§ **Task instructions**
Nothing is needed except the lines below that run from the one with "八角亭加盟费多少，八角亭加盟费用全揭秘！你需要知道的都在这里！" through the one with "Құнандар сатылады", repeated exactly.

§ **Supplied data**
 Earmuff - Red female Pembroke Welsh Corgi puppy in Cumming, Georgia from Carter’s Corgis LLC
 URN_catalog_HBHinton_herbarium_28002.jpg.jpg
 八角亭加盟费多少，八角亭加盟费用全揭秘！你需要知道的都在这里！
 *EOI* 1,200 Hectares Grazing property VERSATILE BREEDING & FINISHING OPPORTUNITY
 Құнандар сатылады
...
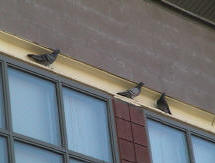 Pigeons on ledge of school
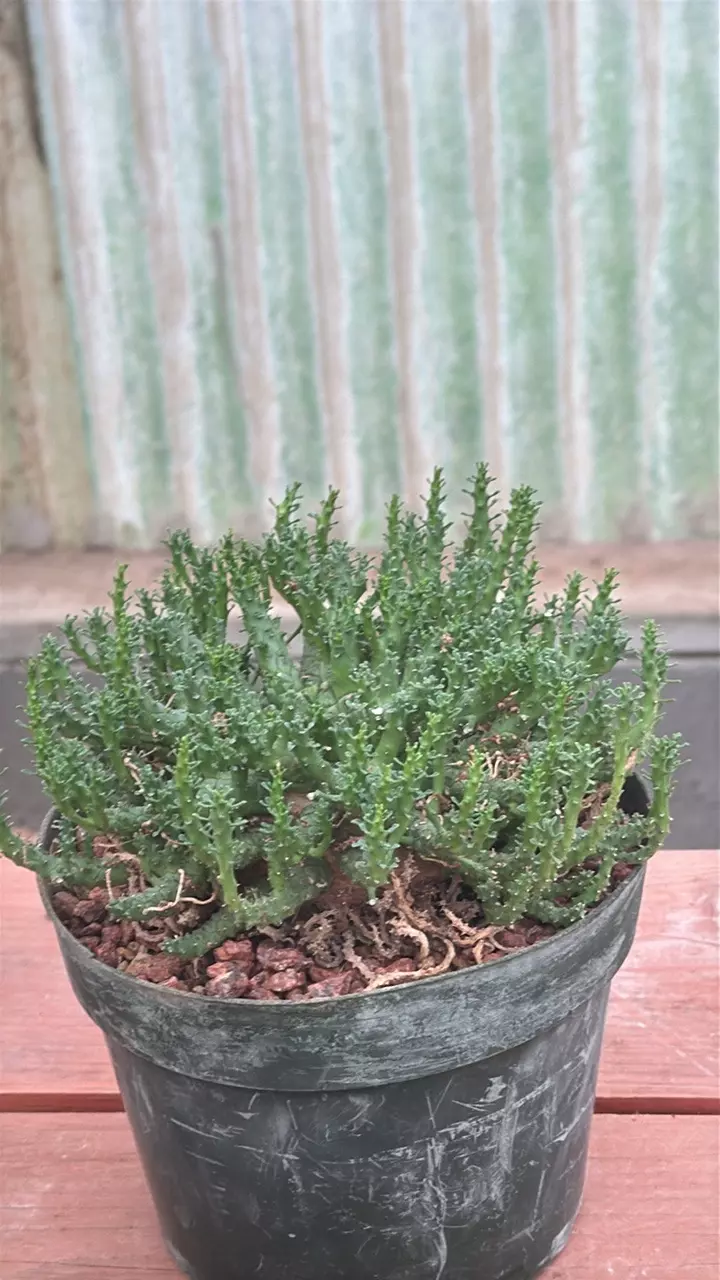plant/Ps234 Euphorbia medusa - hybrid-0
---
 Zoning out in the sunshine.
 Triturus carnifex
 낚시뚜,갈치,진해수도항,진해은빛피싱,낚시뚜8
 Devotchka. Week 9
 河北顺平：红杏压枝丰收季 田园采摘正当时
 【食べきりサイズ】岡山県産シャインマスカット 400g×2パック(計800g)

§ **Written reply**
 八角亭加盟费多少，八角亭加盟费用全揭秘！你需要知道的都在这里！
 *EOI* 1,200 Hectares Grazing property VERSATILE BREEDING & FINISHING OPPORTUNITY
 Құнандар сатылады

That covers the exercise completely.